A toast

Fruit wines and family, with Claire Leavey


Raspberries. Blackcurrants. Red and white currants. Gooseberries, both red and green. And damsons. Thousands of them, all tied in huge bags - some just thrown into supermarket carrier bags, their plastic now shattering with age, and filling two thirds of my enormous chest freezer, beneath the baskets full of pies, and peas, and blocks of white fish and ready meals.

And now here they were, piled on the drive, homeless, and deliquescing around my feet. A seeping, sagging mountain of WTF. The literal fruits of my mother’s forty years’ gardening an acre or so of Worcestershire, where the only thing that ever really thrives in the heavy clay is fruit; where everyone always has too much of it, where there’s never anybody sufficiently fruitless to give it to. Composting them was more than my heart could take. My mother had just gone into the ground herself, and every berry and drupe had been in those dear hands. I could not just throw them away.

Every berry and drupe had been in those dear hands. I could not just throw them away

So I made wine. It was, after all, my mum’s 1970s Good Life adventures that meant I’d become the family vintner before I was old enough for big school, let alone old enough to drink. I’m not even sure now if I was aware, when sagely sampling my product, that I was enjoying the fruity deliciousness of tax-free alcohol. We can probably blame this most excellent early education for the kidney stones - and the time I walked into a glass wall at school after bringing in a ‘refreshing’ bottle of home-made ginger beer to go with my sandwich and Penguin bar. Luckily the glass was reinforced.

A straight damson recipe was the obvious starting point, but then adjustments had to be made to account for the gooseberries and currants, whose sharper flavours and less glutinous consistency meant we’d be heading towards a fresher, lighter product whose flavour hit some higher notes than you’d get from a straightforward, syrupy 100% damson. 

I’ve developed, over the years, a couple of basic principles which I apply to every wine I make. The first is to prepare the must, and then use my hydrometer to record the specific gravity of the unfermented juice before anything else happens. You can then adjust your gravity, or potential alcoholic content, whether by dilution or addition of sugar, to provide the yeast with the best conditions for a successful ferment. Once the process is complete, you can read the gravity again and do a simple calculation to work out how much of a kick in the head you’re going to get.

I got everything into a 25 litre fermenting bin, picked out the remains of the bags, and left it to finish the surprisingly long job of thawing. Second, I poured over the boiling water and added the yeast, a petit soupçon of pectolase, and the first few pounds of sugar. And this is the second principle I work by: adding the sugar bit by bit. For this, dear drinker, is the secret of creating a medium-dry country wine that will blow your bloody socks off. 
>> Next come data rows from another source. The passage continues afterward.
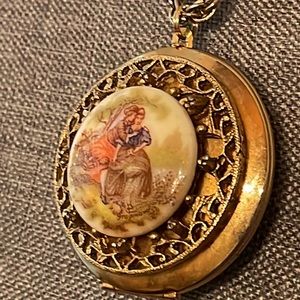 Courting Locket necklace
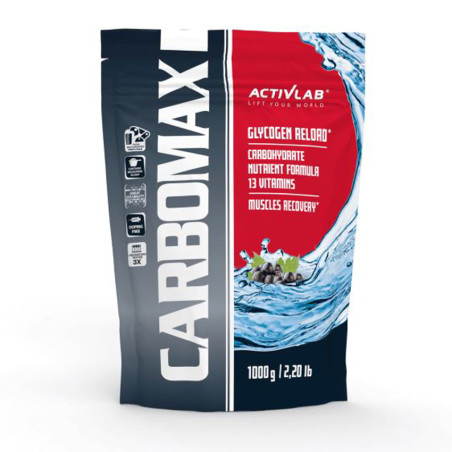 ACTIVLAB CARBOmax DYNAMIC 1kg CYTRYNA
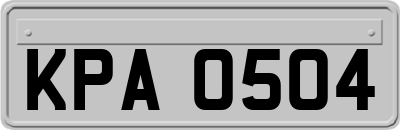 KPA0504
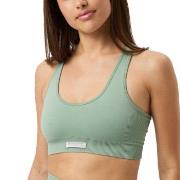 Björn Borg BH Studio Seamless Low Sports Bra Lysegrønn polyamid Medium...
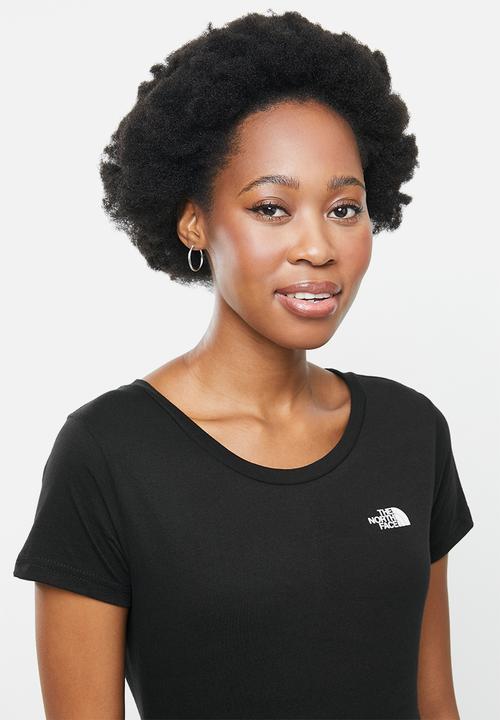 The North Face - Short sleeve  simple dome tee - black
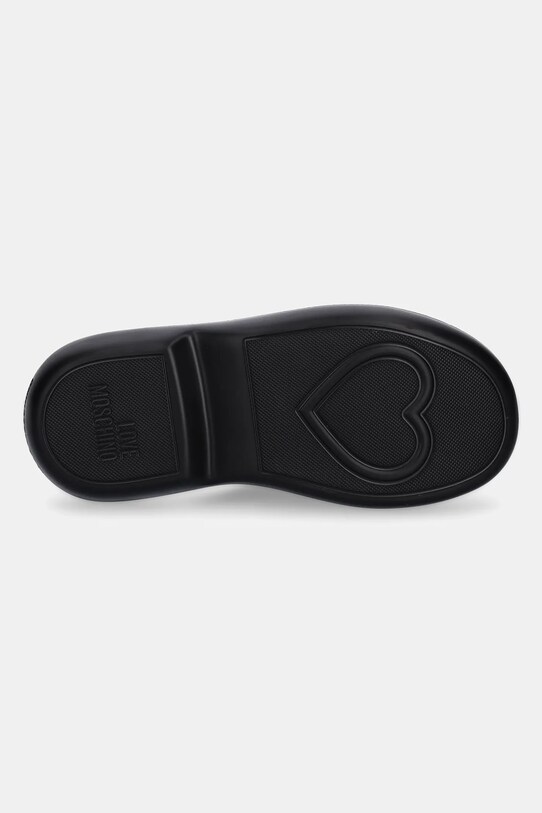 Παντόφλες Love Moschino JA28207I0MI40000 μαύρο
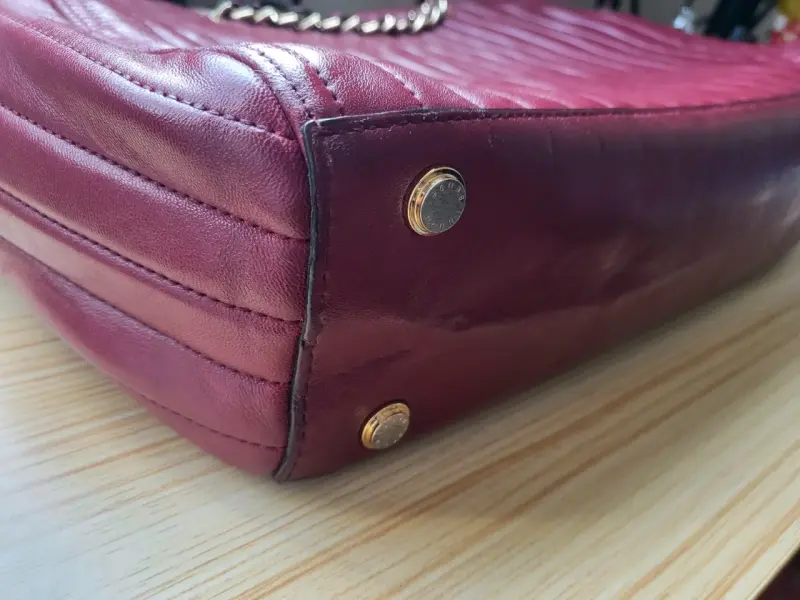 Bolso de cuero Henri Bendel - 3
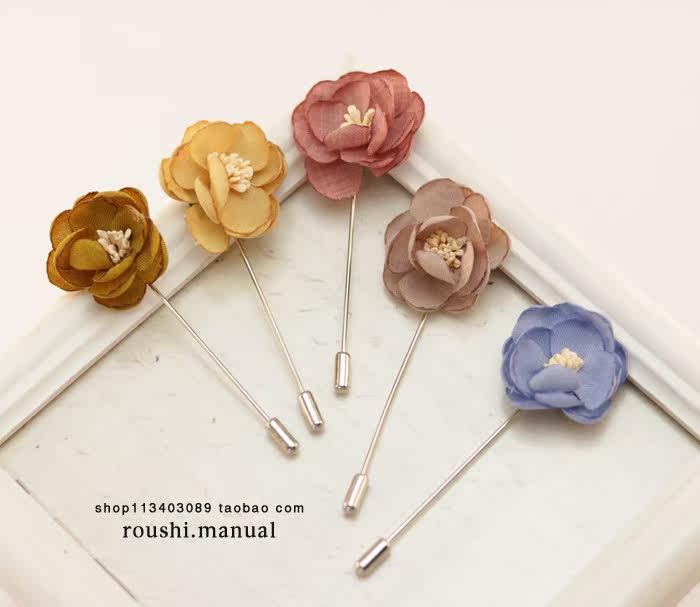 Broche femme en Fluid Systems - Ref 1173517 Image 3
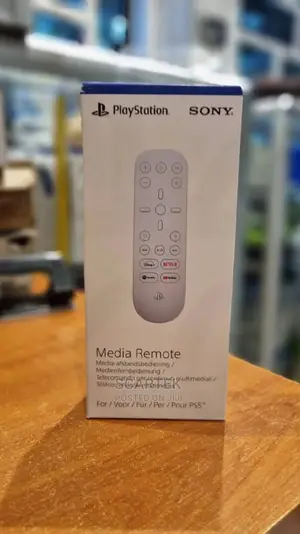 Sony Media Remote Control ( For Ps5)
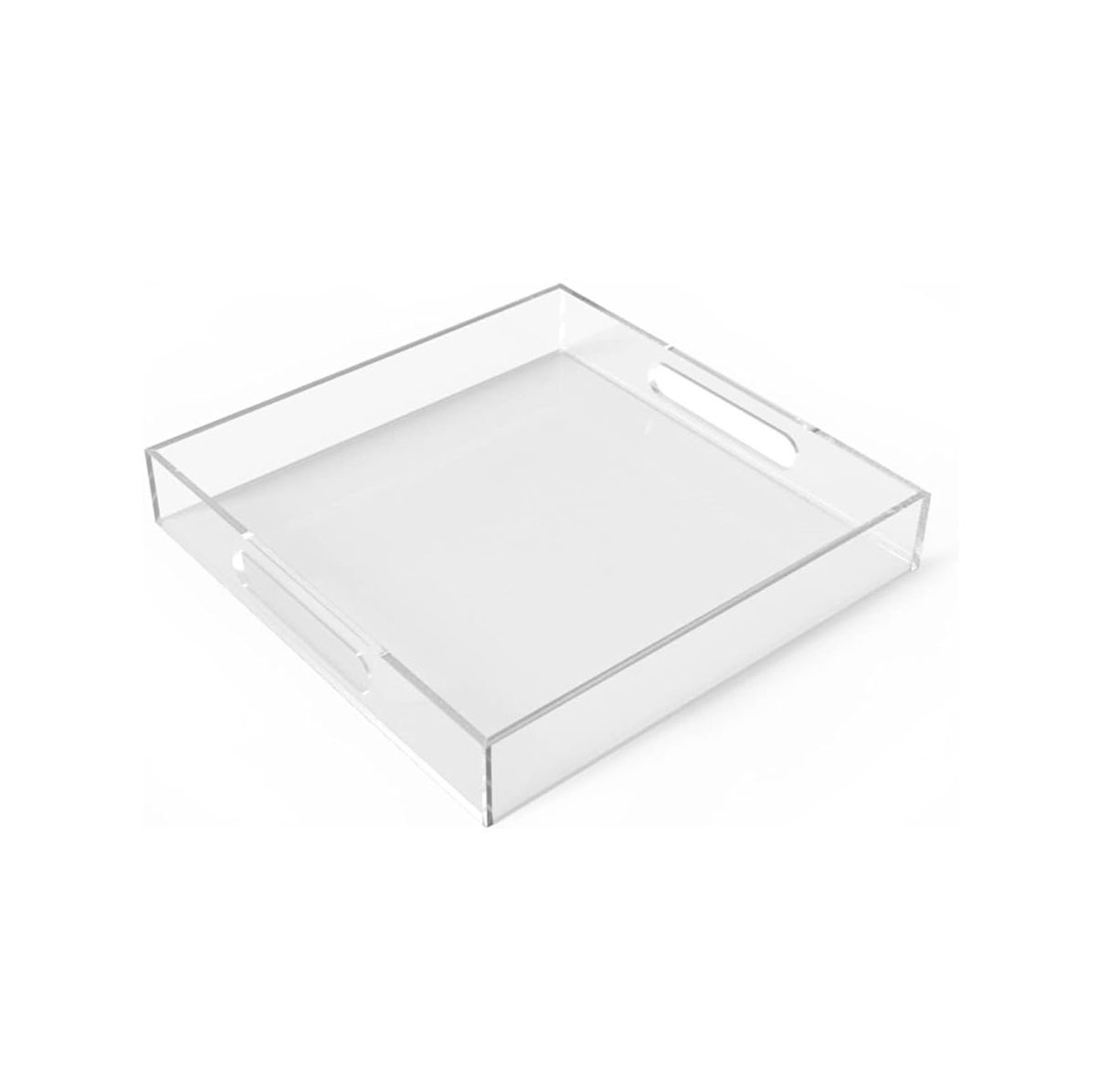 Plateau de service en acrylique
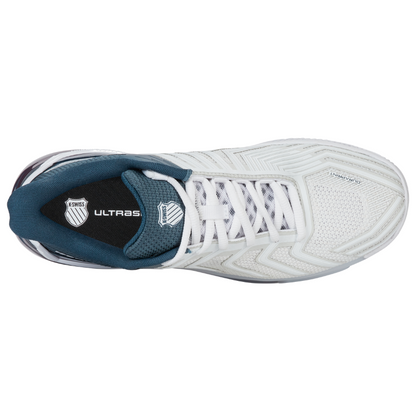 Chaussures de padel Homme K-Swiss Ultrashot 4 Clay Blanc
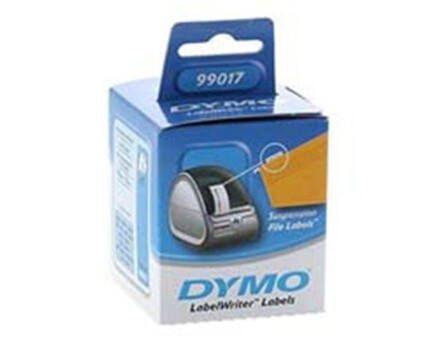 Dymo 99017 'Štítky na závěsné pořadače' (50x12 mm, 220 ks)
This was 2009, and with strict rationing, I’ve drunk just about half of it. Once fermentation had bubbled to a halt, it was like a classic near-purple, fruity - and sweet - young claret. Over the ten years since, this claret has matured into a tawny, drier character with the damsons’ expansive tannins coming to the fore - a serious doppelgänger for a fine old tawny port. And the good news is that rationing it is not difficult. One small glass of this and you’re done for the night - which is good, because I want to keep sipping this one lasting memory of my mother and a half-forgotten childhood under the trees for the rest of my life.